Supplied material START

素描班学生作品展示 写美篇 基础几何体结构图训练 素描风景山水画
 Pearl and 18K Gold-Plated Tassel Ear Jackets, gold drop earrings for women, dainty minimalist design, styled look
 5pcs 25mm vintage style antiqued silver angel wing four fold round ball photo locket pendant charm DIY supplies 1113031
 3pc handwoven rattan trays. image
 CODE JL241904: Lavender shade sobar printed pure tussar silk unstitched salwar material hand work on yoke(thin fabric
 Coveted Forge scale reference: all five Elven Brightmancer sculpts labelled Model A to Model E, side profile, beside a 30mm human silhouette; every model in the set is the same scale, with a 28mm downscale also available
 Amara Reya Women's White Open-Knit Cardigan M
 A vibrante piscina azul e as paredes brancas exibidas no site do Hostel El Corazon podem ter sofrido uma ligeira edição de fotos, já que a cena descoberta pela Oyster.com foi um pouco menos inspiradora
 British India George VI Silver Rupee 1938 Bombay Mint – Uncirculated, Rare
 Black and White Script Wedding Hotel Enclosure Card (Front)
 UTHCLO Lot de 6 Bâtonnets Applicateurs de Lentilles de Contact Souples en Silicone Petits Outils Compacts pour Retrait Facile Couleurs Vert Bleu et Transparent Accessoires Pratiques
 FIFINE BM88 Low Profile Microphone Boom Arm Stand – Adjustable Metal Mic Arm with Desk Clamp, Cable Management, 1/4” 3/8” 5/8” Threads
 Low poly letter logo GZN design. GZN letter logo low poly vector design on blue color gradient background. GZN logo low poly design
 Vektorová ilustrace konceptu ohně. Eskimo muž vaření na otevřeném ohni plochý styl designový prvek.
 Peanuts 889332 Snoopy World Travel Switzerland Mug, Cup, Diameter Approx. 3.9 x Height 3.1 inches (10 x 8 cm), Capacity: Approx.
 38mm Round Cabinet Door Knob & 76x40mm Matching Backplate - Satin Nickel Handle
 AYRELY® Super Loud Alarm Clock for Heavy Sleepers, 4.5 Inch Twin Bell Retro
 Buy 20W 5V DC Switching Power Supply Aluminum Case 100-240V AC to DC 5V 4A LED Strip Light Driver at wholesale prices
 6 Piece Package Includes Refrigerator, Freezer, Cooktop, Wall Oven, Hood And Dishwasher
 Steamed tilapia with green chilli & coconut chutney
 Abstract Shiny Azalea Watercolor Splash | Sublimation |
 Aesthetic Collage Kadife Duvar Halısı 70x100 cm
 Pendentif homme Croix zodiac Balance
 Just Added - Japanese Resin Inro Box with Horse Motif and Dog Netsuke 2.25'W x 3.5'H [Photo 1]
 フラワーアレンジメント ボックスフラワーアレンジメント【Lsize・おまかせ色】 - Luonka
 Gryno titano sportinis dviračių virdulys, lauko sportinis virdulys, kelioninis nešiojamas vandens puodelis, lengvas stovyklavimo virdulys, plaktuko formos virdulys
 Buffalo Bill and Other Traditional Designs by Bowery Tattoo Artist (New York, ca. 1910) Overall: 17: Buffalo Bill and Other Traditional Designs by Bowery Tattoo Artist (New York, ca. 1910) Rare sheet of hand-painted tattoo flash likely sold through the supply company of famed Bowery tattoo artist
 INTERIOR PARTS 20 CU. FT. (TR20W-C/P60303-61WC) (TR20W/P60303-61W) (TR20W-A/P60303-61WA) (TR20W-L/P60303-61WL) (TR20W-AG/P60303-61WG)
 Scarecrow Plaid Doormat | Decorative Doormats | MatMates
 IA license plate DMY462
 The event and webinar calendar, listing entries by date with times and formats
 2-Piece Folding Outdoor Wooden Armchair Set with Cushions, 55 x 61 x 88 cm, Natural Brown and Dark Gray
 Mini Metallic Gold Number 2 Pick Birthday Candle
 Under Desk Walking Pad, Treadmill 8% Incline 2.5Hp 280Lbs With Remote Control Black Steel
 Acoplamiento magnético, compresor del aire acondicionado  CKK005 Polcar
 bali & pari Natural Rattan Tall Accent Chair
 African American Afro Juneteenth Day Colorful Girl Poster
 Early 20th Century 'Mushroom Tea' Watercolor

Supplied material END

Task prompt:
Please give an exact copy of the lines above, beginning with the line containing "CODE JL241904: Lavender" and running through the line containing "Amara Reya Women's", and of no other lines.

Completed exercise:
 CODE JL241904: Lavender shade sobar printed pure tussar silk unstitched salwar material hand work on yoke(thin fabric
 Coveted Forge scale reference: all five Elven Brightmancer sculpts labelled Model A to Model E, side profile, beside a 30mm human silhouette; every model in the set is the same scale, with a 28mm downscale also available
 Amara Reya Women's White Open-Knit Cardigan M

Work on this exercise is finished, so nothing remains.